2. Roughly grind the poppy seeds in a spice grinder or with mortar and pestle. Sift the flour, almond meal, baking soda, baking powder and spices into a bowl.
3. Beat the eggs until rich and creamy, add the sugar and continue beating until the mixture is thick. Gradually pour in the oil, beating all the time until well incorporated.
4. Add the poppy seeds, vanilla, carrot and chopped ginger, then mix well with a wooden spoon. Add this mixture to the dry ingredients and mix to form a smooth batter.
5. Pour the mixture into the prepared loaf tin, place in the oven and cook for 45-50 minutes or until a skewer in the centre comes out clean.
6. Cool for 10 minutes in the tin, then upend onto a wire cake rake and cool completely.
7. Make the topping by whipping the butter and goat cheese with a hand-held beater or upright food mixer. Add the sugar and vanilla essence.
8. Spread the icing over the top of the cake, decorate with chopped walnuts and ginger and serve.
Swiss carrot cake - Aargauer Rueblitorte
This recipe comes from Natasha Silke from Brunswick West in Victoria.
300 g caster sugar
5 egg yolks
300 g ground almonds
300 g carrots, finely grated
zest from 1 lemon
4 tablespoons of corn flour
2 tablespoons Kirsch
1 teaspoon baking powder
½ teaspoon ground cinnamon
pinch of ground cloves
5 egg whites
pinch of salt
3 tablespoons apricot jam
1 egg white beaten
300g icing sugar
2 tablespoons Kirsch
1 to 2 tablespoons water
Preheat oven to 180°C. Grease and a 24 cm round cake pan and line bottom with baking paper. Flour the sides.
In a bowl beat the egg yolks and caster sugar until pale and creamy. Add the almonds, carrots, cornflour, kirsch, lemon zest, baking powder and spices and mix well.
Whip the egg whites with the pinch of salt in separate bowl to form stiff peaks. Using a metal spoon fold through a third of the egg whites into the other mixture. Mix well. Fold through another third taking a little more care not to spoil the light texture of the egg whites. Gently fold through the final third of the egg whites.
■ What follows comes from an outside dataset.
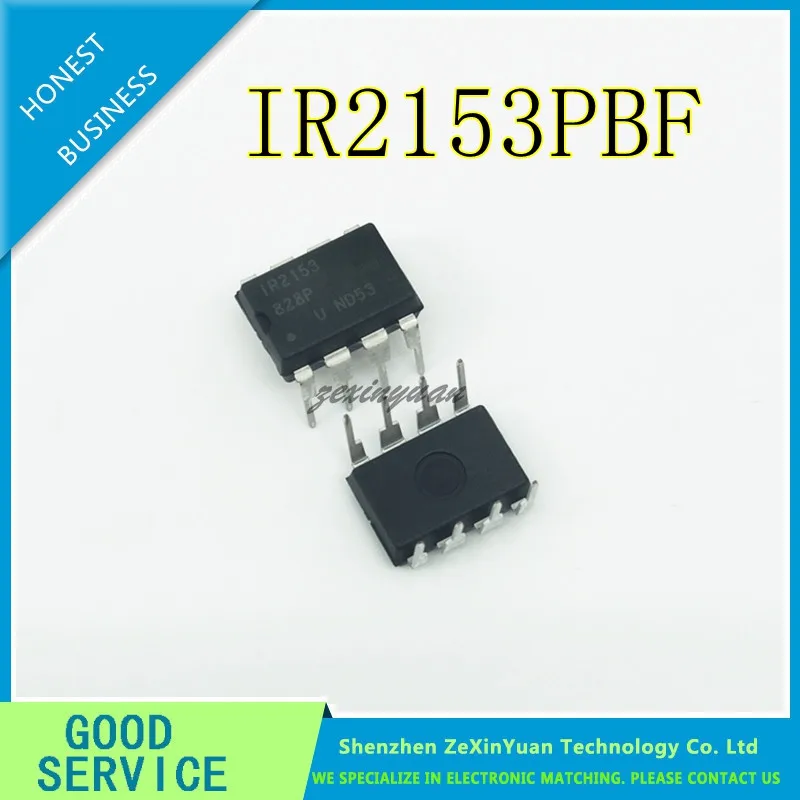 

10PCS-50PCS IR2153 DIP8 IR2153PBF DIP IR2153D DIP-8 original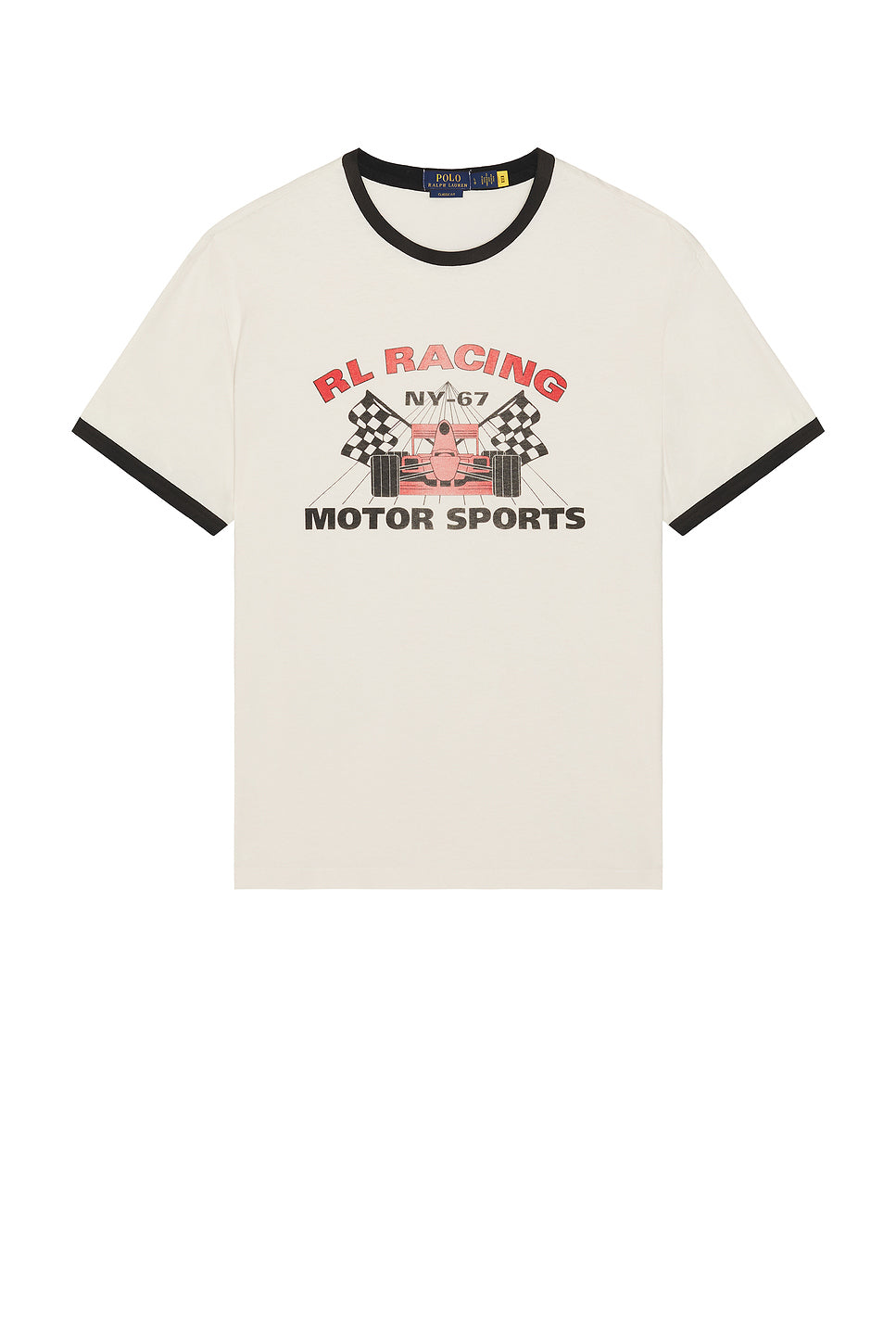 RL Racing Short Sleeve T-Shirt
Pour into the cake tin and bake for one hour on the centre rack of the oven. After 45 minutes turn the cake 180°C. Check to see if the cake is done by inserting a wooden skewer which should come out clean if the cake is done. Remove form the oven and allow to cool in the tin for 10 minutes then gently upend on a wire cake rack. While still warm cool upend onto another cake rack. Heat the apricot jam in a small saucepan until liquid and then brush over the cake while still warm.
Make the icing by whipping the egg with the sugar then adding the kirsch and a little water. The icing should be quite stiff. Cover over the cake and allow to set for an hour or so before serving.
This article appeared in Epicure, The Age, in 2013.